Perk up an old holiday favorite with the brightness of fruit and two kinds of healthy rice. This recipe is packed with flavor and will please your guests who need to avoid gluten due to allergies or sensitivities.
Ingredients
- Olive oil spray
- 1 medium yellow onion, finely diced
- 1 pear (such as Bartlett), cored and finely diced
- 1 apple (such as Honey Crisp), cored and finely diced
- 1 tbsp. Dijon mustard
- 1 tbsp. maple syrup
- 1 tbsp. fresh lemon juice
- 2 cups wild rice
- 1 cup brown basmati rice
- 1 quart low-sodium chicken or vegetable broth
- 2 cups water, plus 1 cup if needed
- 2/3 cup dried cranberries
- 1/2 tsp. ground black pepper
- 2 tbsp. minced fresh parsley
- 2 tbsp. minced fresh thyme
Directions
1. Heat a large pot over high heat for one minute. Spray with olive oil spray; heat for 30 seconds. Add onion and sauté for one to two minutes, stirring frequently, then add apple and pear and sauté for two to three more minutes.
2. Quickly whisk together mustard, maple syrup and lemon juice and pour over onion and fruit. Then add wild rice and basmati rice. Sauté for two minutes, then pour in broth and water. Bring to a boil.
3. Add cranberries and black pepper.
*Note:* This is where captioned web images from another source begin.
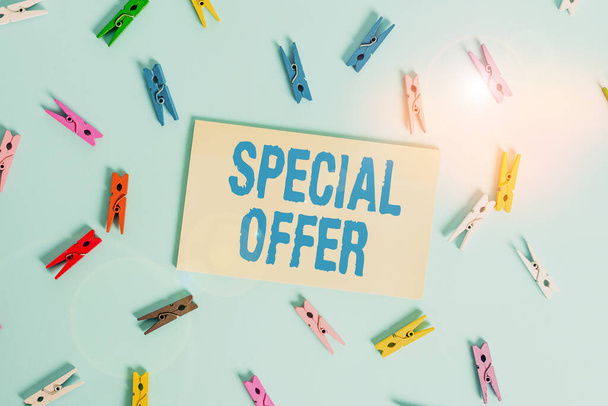 Conceptual hand writing showing Special Offer. Business photo text product or service that is offered free or at a very low price Colored clothespin rectangle shaped paper blue background. - Photo, Image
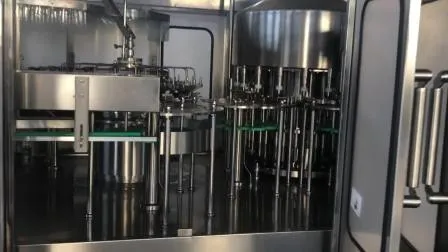 Ligne de production d'eau pure d'eau minérale d'eau potable purifiée liquide automatique Machine de capsulage de remplissage de lavage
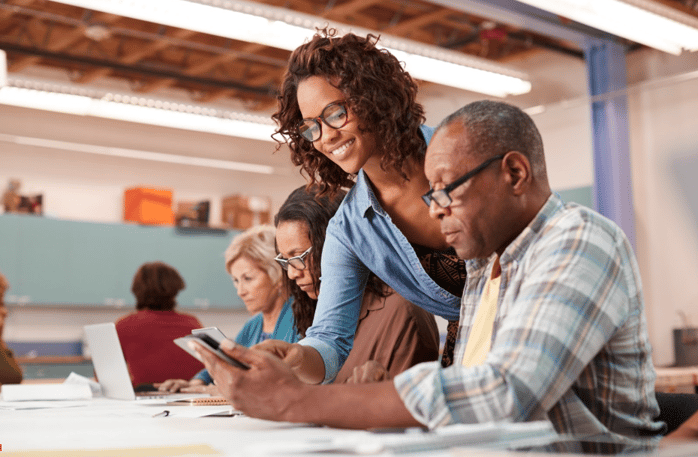 Coworkers at a table. One of them points over the shoulder at a coworker's tablet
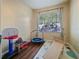 Bright bedroom featuring natural light, wood flooring, and space for play at 430 Southern Pecan Cir # 101, Winter Garden, FL 34787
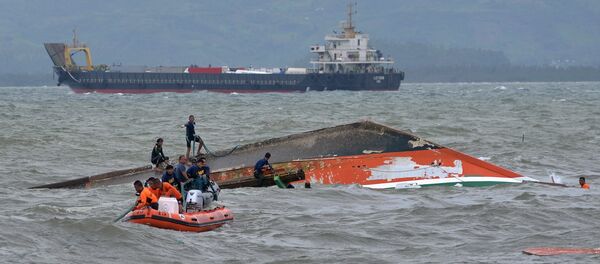 Rescuers tie a rope at the capsized vessel MBCA Kim-Nirvana to pull it towards the shore near a port in Ormoc city, central Philippines, July 3, 2015 Rescuers tie a rope at the capsized vessel MBCA Kim-Nirvana to pull it towards the shore near a port in Ormoc city, central Philippines, July 3, 2015 - Sputnik International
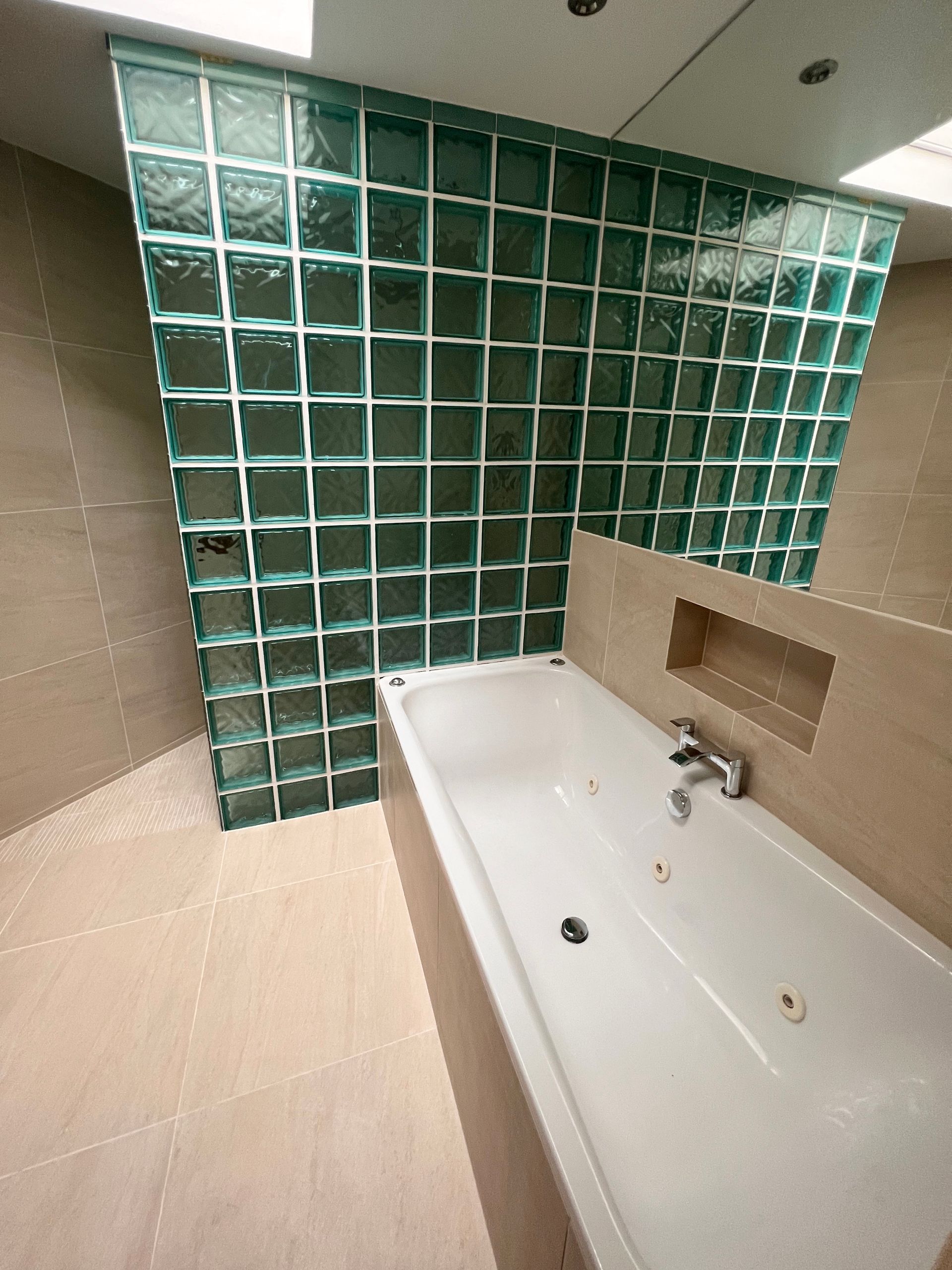 A bathroom with a bathtub and a glass block wall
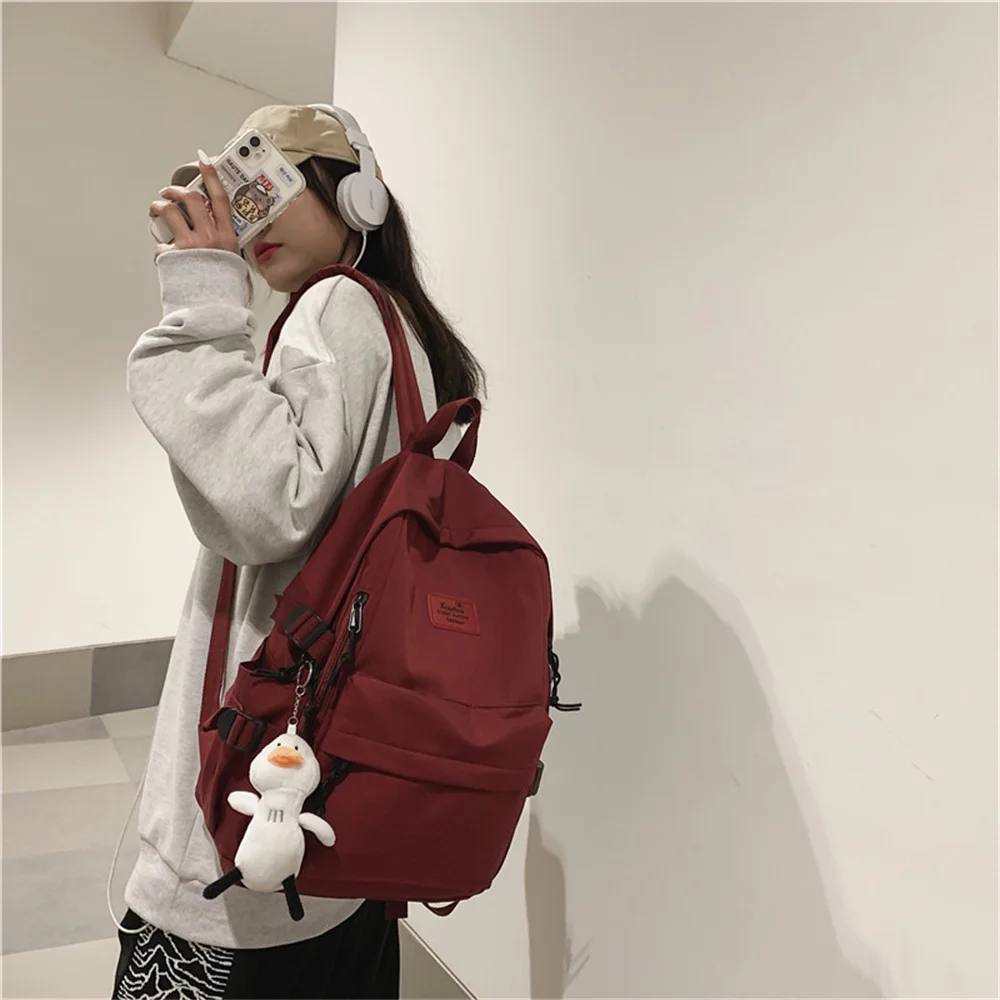 Mochila escolar informal de nailon de gran capacidad Unisex, mochila impermeable de Color sólido coreano para estudiantes de secundaria Harajuku Ulzzang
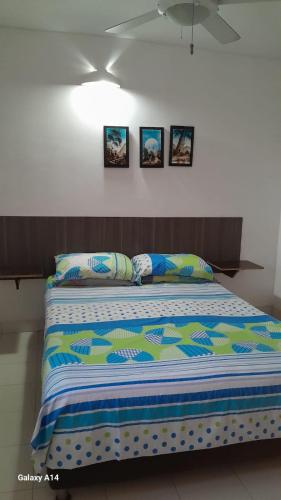 a bed in a room with three pictures on the wall at Lindo en el rodadero in Gaira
Let boil for 10 minutes. If liquid level seems too low, add 1 cup of water.
4. Reduce heat to low, cover and cook for 25 minutes, checking occasionally. Add parsley and thyme five minutes before stuffing is done. Serve immediately.
Per Serving
Serves 16. Serving size is 1/2 cup. Each serving provides: 154 calories, 1 g total fat (0 g saturated fat, 0 g trans fat), 0 mg cholesterol, 50 mg sodium, 33 g carbohydrates, 3 g fiber, 7 g sugars, 5 g protein.